The server load wasn't too bad so we chalked it up to a one off occurance, fired up an 8 core machine (did I mention how much I love AWS?) and cleared our backlog of 25k+ tweets in less than a minute for less than $1. I kept an eye on the server for a while afterwards, but tweets seemed to be coming through in < 10 seconds and there we no processes with spiking CPU so I logged out and carried on working on something else.

Then it happened again. This time just as I was about to leave work for the day. I logged in and went through the same motions with the same results. A normal volume of tweets, no new signups, no processes consuming all of the CPU and leaving none for node. So, up came the 8 core behemoth again and the tweets ended up in our database fairly quickly.
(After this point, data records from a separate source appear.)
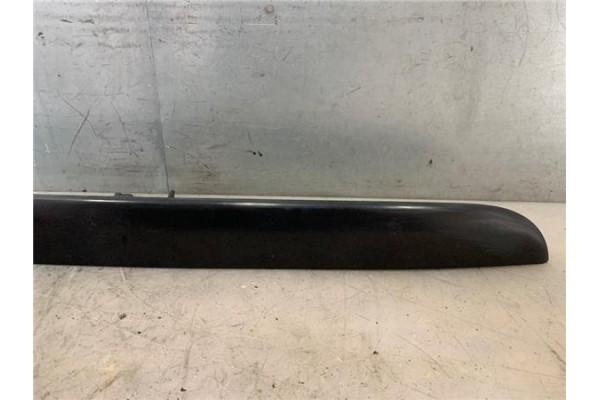Recambio de moldura porton trasero para citroen xsara picasso 2.0 hdi referencia OEM IAM 9635595877F  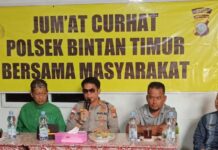 read news – Warga Bintim Minta Polisi Berikan Penyuluhan Bahaya Narkoba Kapolsek Bintan Timur, AKP Rugianto (tengah) saat melakukan silaturahmi Jumat Curhat ke warga Kedai Kopi Toamak, Kampung Sei Enam Laut, Kelurahan Sungai Enam, Jumat (14/7/2023). (Foto; dwi susilo - batamtv.com)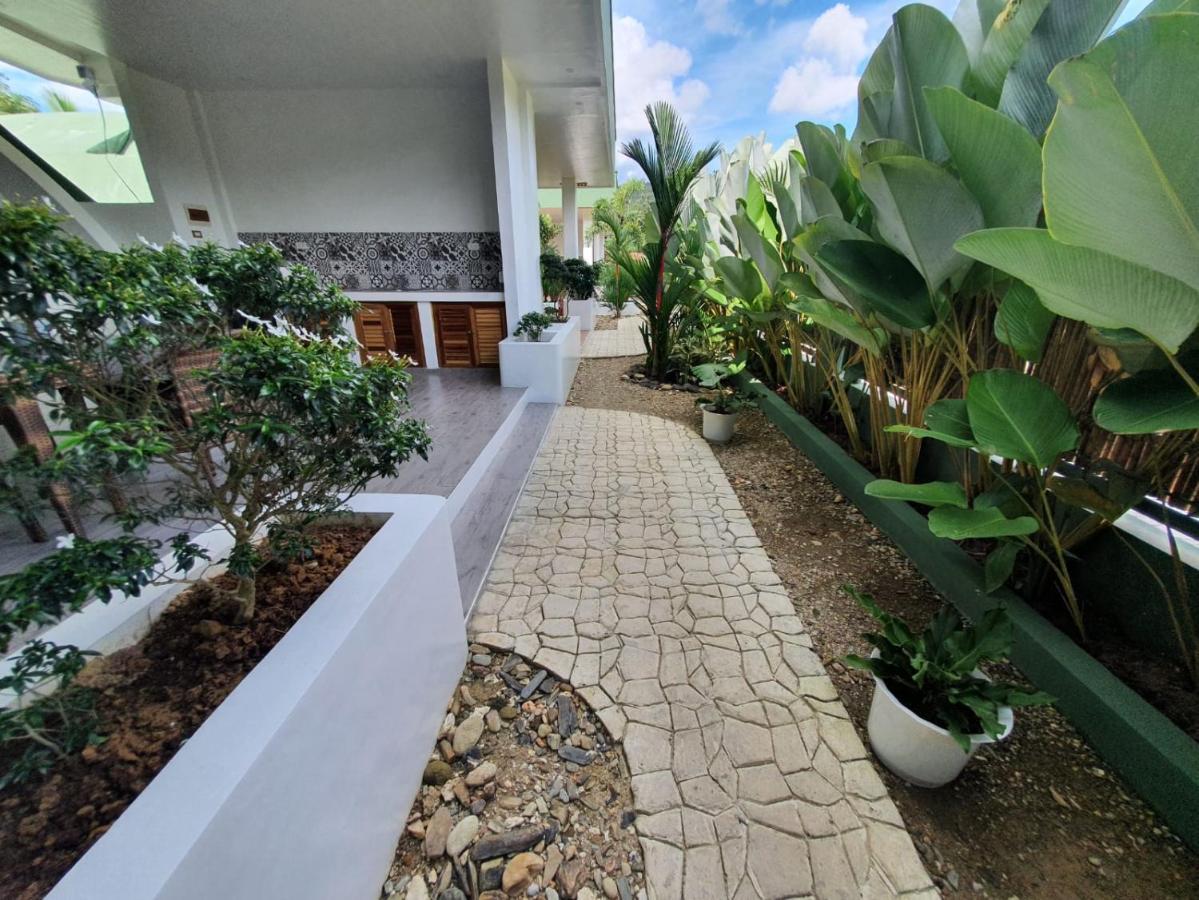 Royal Suites - Port Barton San Vicente  Zewnętrze zdjęcie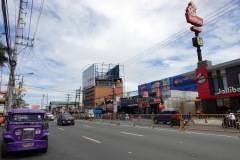 Gatuscen längs MacArthur Hwy vid Fields Ave (Walking Street som numera kallas Red Street), Angeles City.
I had a think about it on the train home, but I couldn't think of anything that could be causing it. Infuriatingly, it never happened when I was logged into the server watching.

Once we had the large server running, tweets were appearing almost instantly. This ruled out any database bottlenecks. The code we're using also ran fine on the large server, so I ruled that out too. That left me with the micro instance. It would have been easy to just bump up the size of the instance and be done with it, but I wanted to know why it was behaving as it was. AWS can get very expensive quite quickly and we couldn't just make the server bigger every time something bad happened. The code + resources should have easily been able to handle the volume of tweets we were processing. It had been up until that point.

After what felt like an eternity reading AWS support threads and blog posts with the resolution "move to Rackspace" I finally stumbled across a post by Greg Wilson which solved all my problems.

Suddenly everything made sense. As I never noticed that the tweets were taking too long to come through until it was too late (we've since added monitoring to the queue), by the time I logged in to take a look the instance was out of the steal period and behaving normally. A real heisenbug!

We've since upgraded the server to be a small instance and it's all running perfectly. As the stream requires constant throughput, a small instance is the best one for the job for now.

To think, all of this could have been avoided if I'd just read the AWS documentation a bit more carefully. The relevant docs can be found here, and they explain the burst/throttle capability perfectly.